From the “ALDERSHOT NEWS", July 10th. 1964. £6 .000 DREAM COMES TRUE

After years of fund raising, a dream came true for parishioners of St. Augustine's Church, Aldershot last week, when a £6,000 extension to the church was dedicated by Bishop B.N. Dale, Assistant Bishop of Guildford.
A large congregation attended the special service during which Bishop B.M. Dale dedicated the new sanctuary, vestry, sacristy and window. The stained ¬glass window was given by a parishioner in memory of her husband, Mr. Henry Broadhurst.
The Rev. Roger Francis, former priest-in-charge and the Rev. Garth Long, first vicar of the parish, joined the present vicar, the Rev. A.R.T. Rose for the dedication service. The Rev. T. Dart, Vicar of Aldershot, was also present.
St. Augustine's Church was full again on Sunday for a thanksgiving service attended by the Mayor, Alderman T. Wickenden, members of the Borough Council, and representatives of other denominations. The service took the same form as the dedication, and the Vicar preached on the guidance of the Holy Spirit and its application in the new window.

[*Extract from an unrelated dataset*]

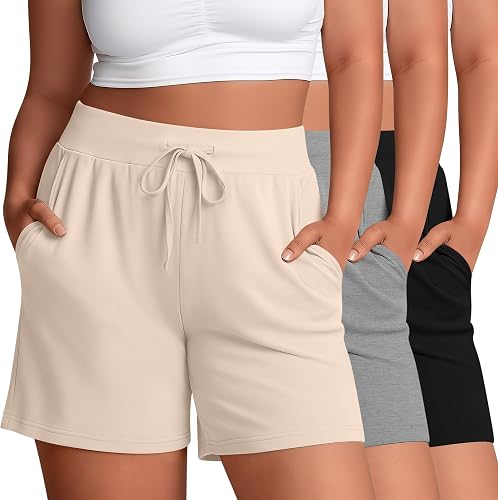 Neer 3 Pack Womens Plus Size Bermuda Shorts Pockets, 3-Color, 5X-Large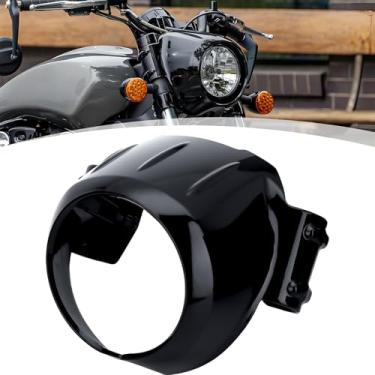 Imagem de GZDLMoto Kits de cobertura de carenagem de moldura de farol de motocicleta para Indian Scout Sixty '2015+ Bobber Twenty Rogue 2018-2023 Peças de acabamento externo da viseira do farol (preto vibrante)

The service was sung by the Rev. Robin Taylor, curate of St. Michael's Parish Church, and lessons were read by the Mayor, and the Rev. Robert Pearson, a retired Methodist minister, from Ash Vale. The choir was specially augmented by girls from Aldershot County High School, and other music was provided by Guildford Silver Band. There was an anthem sung by Mr. David Bonner, with Mr. Bob Nicholson providing trumpet accompaniment.